The Bank will continue with “Quantitative and Qualitative Monetary Easing (QQE) with Yield Curve Control,” aiming to achieve the price stability target of 2 percent, as long as it is necessary for maintaining that target in a stable manner. It will continue expanding the monetary base until the year-on-year rate of increase in the observed CPI (all items less fresh food) exceeds 2 percent and stays above the target in a stable manner. As for policy rates, the Bank intends to maintain the current extremely low levels of short- and long-term interest rates for an extended period of time, taking into account uncertainties regarding economic activity and prices including the effects of the consumption tax hike scheduled to take place in October 2019.

As before, two of the nine board members, Harada and Kataoka, dissented in favor of greater monetary stimulus, but Governor Kuroda in the subsequent press conference rejected such a need, noting that domestic demand continues to rise and insisting that the likeliest future scenario is one in which Japan’s economy continues its moderate expansionary trend. By the same token, he defended the bank’s negative short-term interest rate, which has drawn criticism from business and some government officials, saying that the existing policy mustn’t be ended before 2% inflation has been achieved and reiterating that the mission is taking longer than had been foreseen but that it will succeed eventually.

Consumer prices in the euro area rose 0.3% both overall and in the core measure during February. On-year total inflation edged up 0.1 percentage point to 1.5% but remained will below a recent high of 2.3% last October. Moreover, core underlying inflation that excludes food and energy dipped 0.1 percentage point 1.0%, which also matches the pace in the previous 12 months through February of 2018.

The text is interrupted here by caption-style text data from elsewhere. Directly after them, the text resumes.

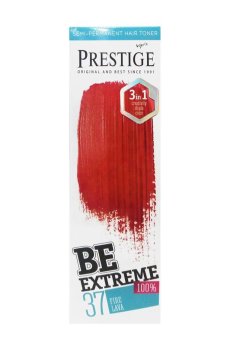 Оттеночный бальзам для волос Vips Prestige Be Extreme 37 Огненная лава, 100 мл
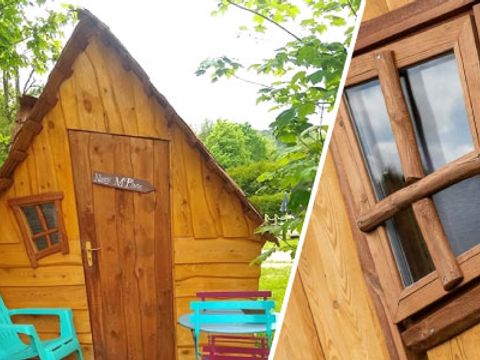 UNUSUAL ACCOMMODATION 2 people - MAGIC CABIN 2 persons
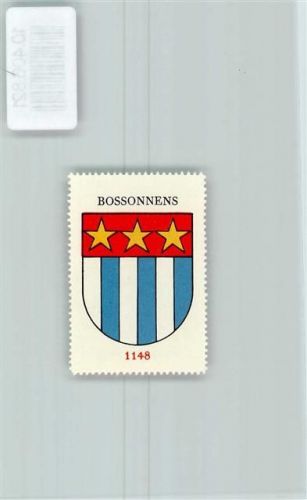 Bossonnens Vignette Wappen Kaffee Hag 1920-1940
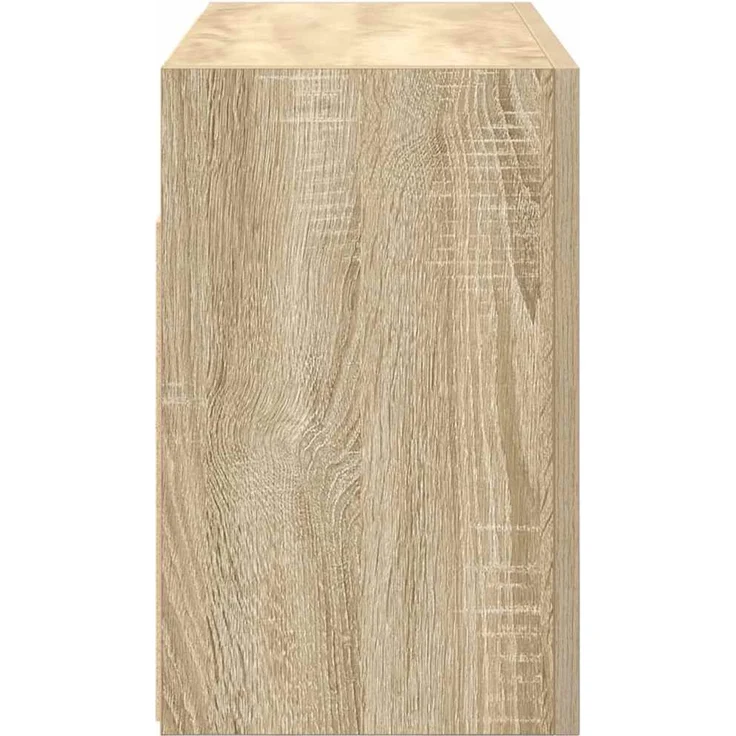 vidaXL Bad-Wandschrank Sonoma-Eiche 60x25x40 cm Holzwerkstoff 860069 – Bild 6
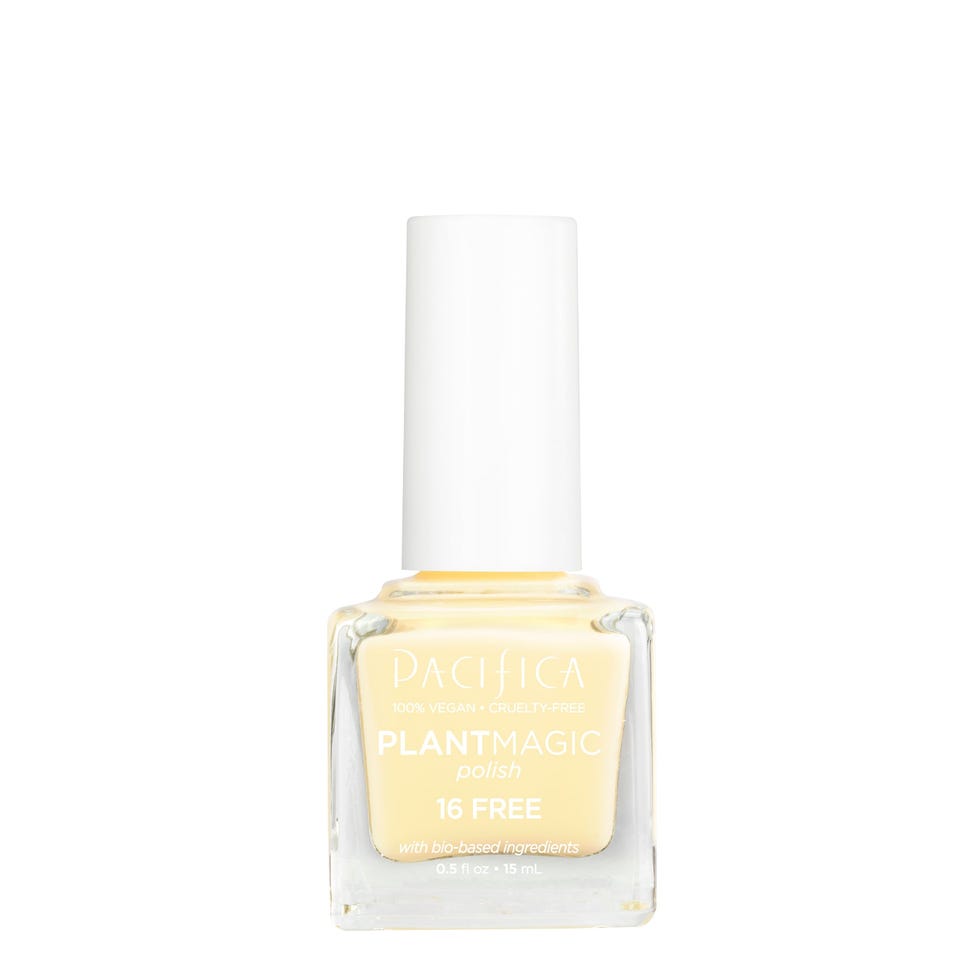Plant Magic Nail Polish in Happy Yellow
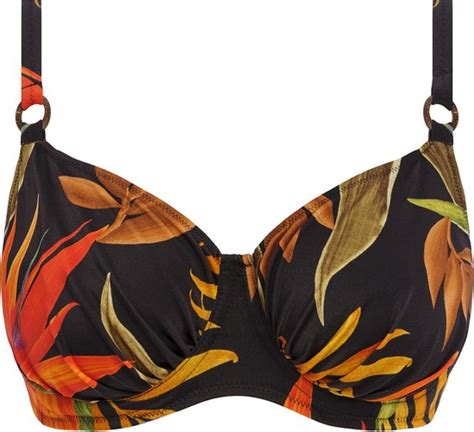 Fantasie Pichola Uw Gathered Full Cup Bikini Top Dames Bikinitopje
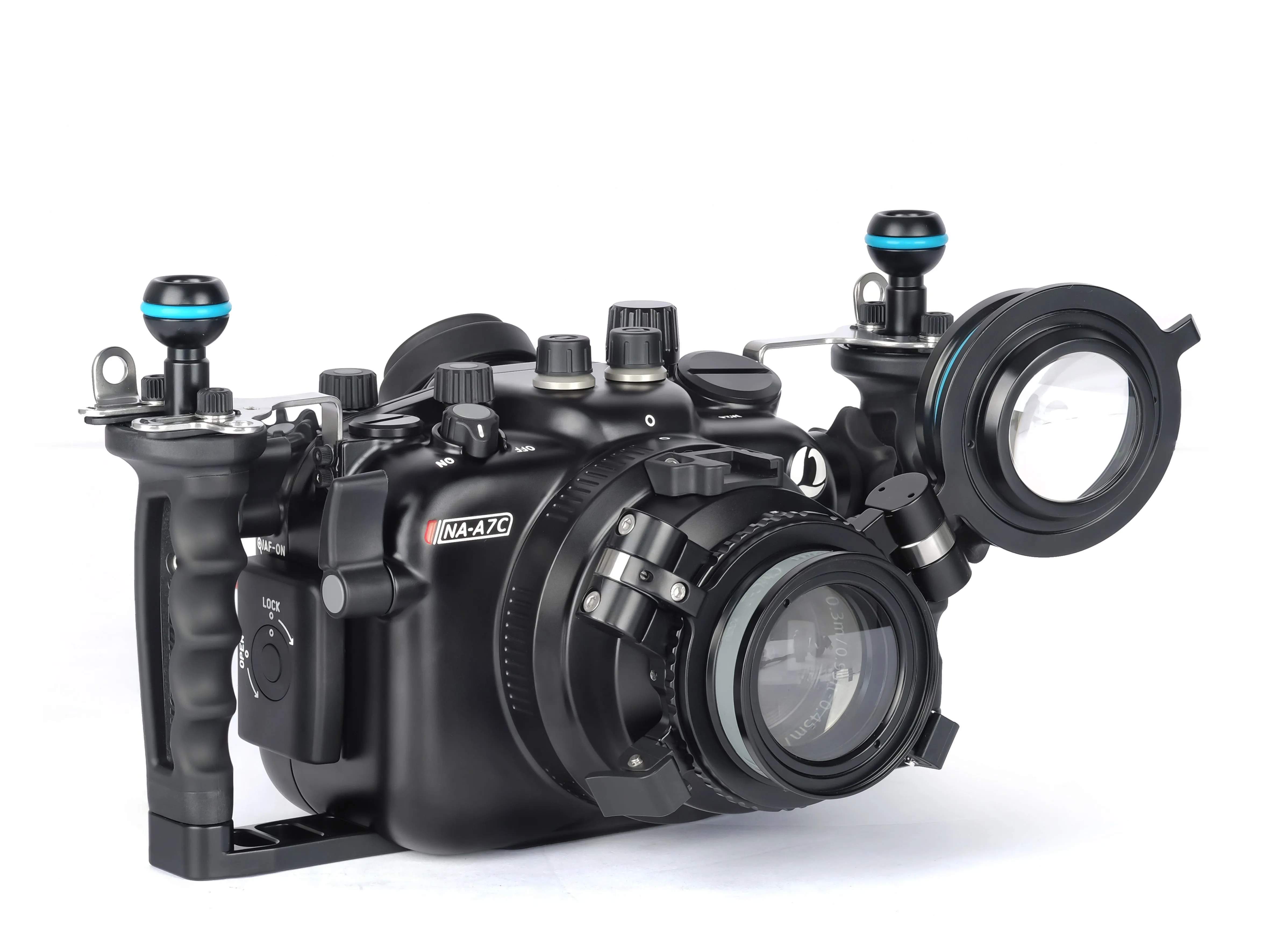 Nauticam NA-A7C Underwater Housing for Sony A7C Camera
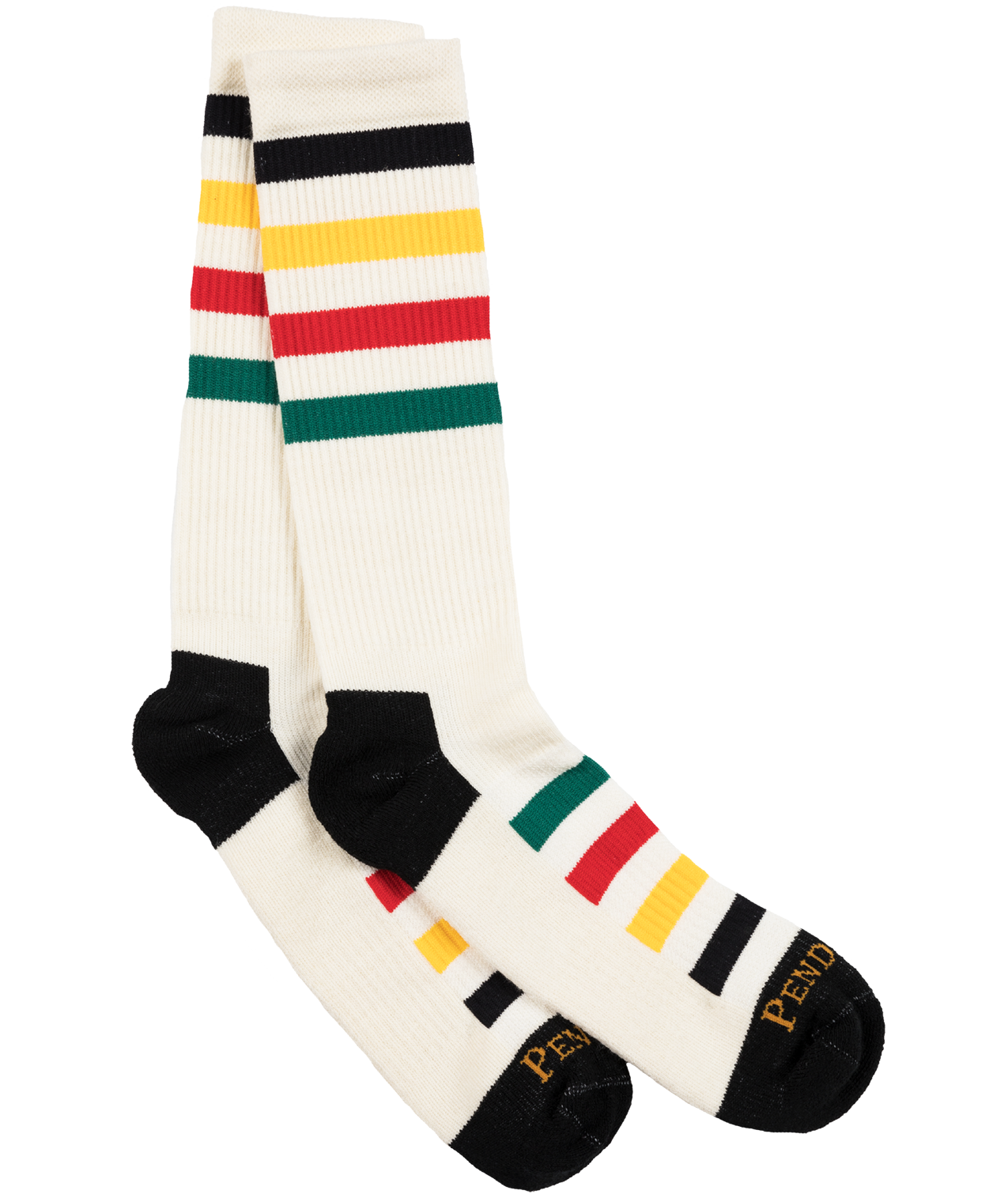 GLACIER STRIPE CREW: IVORY / MD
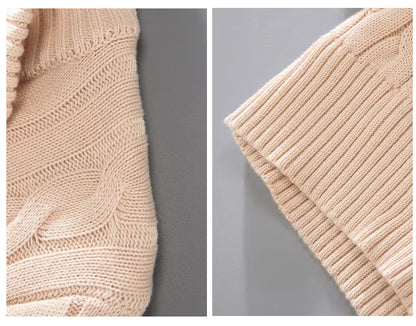Herren Stehkragen Pullover im modernen Strickstil So ist Leben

German wholesale prices went up 0.3% last month as mineral oil products jumped 0.9%. The WPI was 1.6% higher than a year earlier, down from a 12-month 4.0% rate of increase last October.

Chinese new home prices rose 0.5% on month in February, a 10-month low, but notched a 10.4% year-on-year advance, most in 21 months.

Italian consumer prices rose 0.1% on month in February, lifting the 12-month increase from January’s 9-month low of 0.9% by 0.1 percentage point to 1.0%. Italian industrial orders recorded a third consecutive on-year decline in January. The drop was 1.2% after declines of 4.7% in December and 2.2% in November. Industrial sales were 0.6% higher in January than a year earlier.

Dutch retail sales in February posted their smallest year-on-year increase (1.6%) in ten months. The Dutch trade surplus in January of EUR 2.868 billion was down from EUR 3.66 billion in December and EUR 3.2 billion a year earlier.

Irish GDP grew 6.7% last year versus 7.2% in 2017. Ireland’s current account surplus of EUR 28.996 billion in 2018 was bigger than the prior year’s surplus of EUR 24.924 billion.

Consumer prices in the year to February rose 1.5% in Austria, 1.2% in Poland but 5.0% in Cyprus.

Turkish unadjusted unemployment ended 2018 at a rate of 13.5% versus 10.4% in December 2017. The seasonally adjusted jobless rate climbed 0.6 percentage points on month to 12.7% in December.

New Zealand’s manufacturing purchasing managers index recovered 0.6 index points to 53.7 in February but remained below December’s 6-month high of 55.1.

Investors now await U.S. data for industrial production, capacity usage, job hires and separations, consumer sentiment a la the U. Michigan index, and the empire state manufacturing index. Canada will be reporting existing home sales and the monthly survey of manufacturing orders, sales and inventories.